VMware Cloud Community
gdmict
Contributor
Contributor

ESXi server shuts down at random

Dears,

our ESXi server (4.0) is shuting down on random basis. It was working fine for ~2 years, but recently, it stops. Sometimes, it's several times a day, sometimes several times a week.

We are trying to deal this issue with HP support. We have upgraded BIOS to version HP System BIOS P56 2011-05-02. After the upgrade, it was working for ~3-4 days without restart, but yesterday, it restarted again several times.

We also moved the majority of our VM's outside this server, though there are still 4 servers running there.

Some system info:

VMWare ESX 4.0.0 build-181792 2009-07-30

VMWare, Inc. VMware ESXi Alternate Boot Bank 4.0.0-0.6.181792

bnx2 driver 1.6.9

HPSmart Array controller 4.12

bnx2 device firmware 1.9.6

=====

Now ... As I am writing this post, I found a strange thing on the ESXi VMWare vSphere console. In Configuration -> Health Status -> Power, I see following entries:

System Board 1 Power Meter - Device enabled,Normal,240 Watts

Power Supply 1: Running/Full Power-Enabled,Normal,0 Watts

Power Supply 2: Running/Full Power-Enabled,Normal,0 Watts

Power Supply 3 Power Supplies - Fully redundant,Normal,

Power Supply 2 Power Supply 2: Failure detected - Deassert, Normal

Power Supply 1 Power Supply 1: Failure detected - Deassert, Normal

All the status is displayed as 'normal', although I see 'Failure detected' message there .. When I access the server over the ILO2 interface, I see health status says:

Fans: Ok; Fully Redundant

Temperatures: Ok

VRMs: Ok

Power Supplies: Ok; Fully Redundant

In the ILO2 log I see following entries:

Server power restored.

Power-On signal sent to host server by: Administrator.

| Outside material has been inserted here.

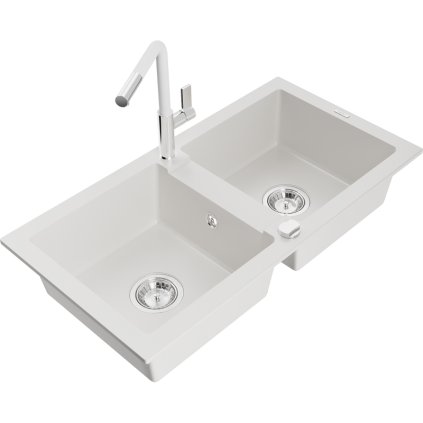 253043 mexen mario 2 komorovy granitovy drez 820x436x161 mm a drezova bateria flora biela 6504 20 670401 02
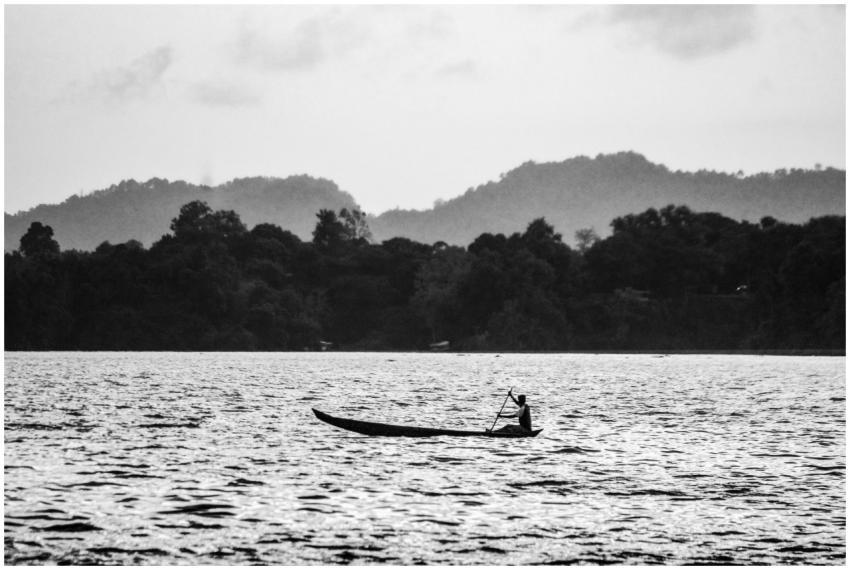 Silhouette Canoeist Tranquil Lake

Browser login: Administrator - 10.50.12.109(DNS name not found).

Browser logout: Administrator - 10.50.12.109(DNS name not found).

Server power removed.

Server reset.

Server power restored.

Power-On signal sent to host server by: Administrator.

Browser login: Administrator - 10.50.12.109(DNS name not found).

Any thoughts what could be wrong? Do you think it may be power supply? If so, can I gather more details about the power, so I am sure?

Your help is highly appreciated. Thank you for your time in advance,

Juraj

0 Kudos
1 Reply
gdmict
Contributor
Contributor

Again,

server rebooted .. Any idea, what the log bellow means?

Power Supply 2 Power Supply 2: Failure detected - Deassert, Normal

Power Supply 1 Power Supply 1: Failure detected - Deassert, Normal

0 Kudos